One of the world’s largest defense contractors, Bethesda-based Lockheed Martin Corp., agreed Friday to pay $15.8 million to the U.S. government to settle allegations that it mischarged perishable tools used on numerous contracts, the Justice Department said.
The settlement, announced by Assistant Attorney General Stuart F. Delery, who heads the department’s civil division, resolves accusations arising from a pricing scheme by Tools & Metals Inc. (TMI), a subcontractor that sold perishable tools to Lockheed Martin Corp. for use on military aircraft, including the F-22 and the F-35 fighter jets.
Mr. Delery said the accusations were based specifically on TMI’s inflation of the costs of the tools between 1998 and 2005, which Lockheed Martin then passed on to the U.S. under its various contracts with the government.
In March 2006, Todd B. Loftis, a former TMI president, was sentenced in federal court in Fort Worth, Texas, to 87 months in prison and ordered to pay $20 million in restitution after his December 2005 guilty plea in connection with his role in the scheme.
Loftis had waived an indictment and pleaded guilty to a one-count information charging conspiracy to defraud the government with false and fraudulent claims. He admitted that from 1998 through 2004, as president and chief operating officer at TMI, he, along with others, conspired to defraud the Defense Department and Lockheed Martin Aeronautics by obtaining payments from both through false and fraudulent billings.
In 1998, TMI, acting through Loftis, obtained a sole-source integrated supply contract with Lockheed Martin Aeronautics to supply all of Lockheed’s perishable tools for the manufacture of airplanes including the Defense Department’s F-16, F-22 and other military needs in Fort Worth, San Diego and Marietta, Ga.
Perishable tools are the drill bits, router bits and other small tools that are used in the manufacturing process.
In order to cover up this activity, the government said, Loftis and others under his direction created false invoices using a computer scanner to remove actual pricing data and substitute fictitious data to give the appearance of legitimate pricing. Loftis was able to control the audit sample of invoices as well so as to limit the possibility that a fraudulently priced part would be found. After the audits, Loftis ordered the fraudulently created documents and computer files to be destroyed.

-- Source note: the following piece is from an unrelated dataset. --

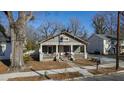 Cozy home with a classic front porch, offering a glimpse of neighborhood charm and tranquility at 306 N Driver St, Durham, NC 27703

TMI and Loftis realized approximately $20 million in profits on these fraudulent sales to the government, prosecutors said.
“It is troubling that a large defense contractor with long-established contractual ties with the United States failed to undertake appropriate measures to ensure the integrity and validity of the costs it submitted to the United States,” Mr. Delery said.
The federal government brought civil claims against Lockheed Martin under the False Claims Act, accusing the firm of contributing to the inflated amounts paid by the government by failing to adequately oversee TMI’s charging practices and by mishandling information revealing these practices.
The case was jointly handled by the Defense Criminal Investigative Service, the Air Force Office of Special Investigations, the Defense Contract Audit Agency, the Contract Integrity Offices of the Departments of the Air Force and the Navy, the Defense Contract Management Agency, the Justice Department Civil Division and the U.S. attorney’s office for the Northern District of Texas.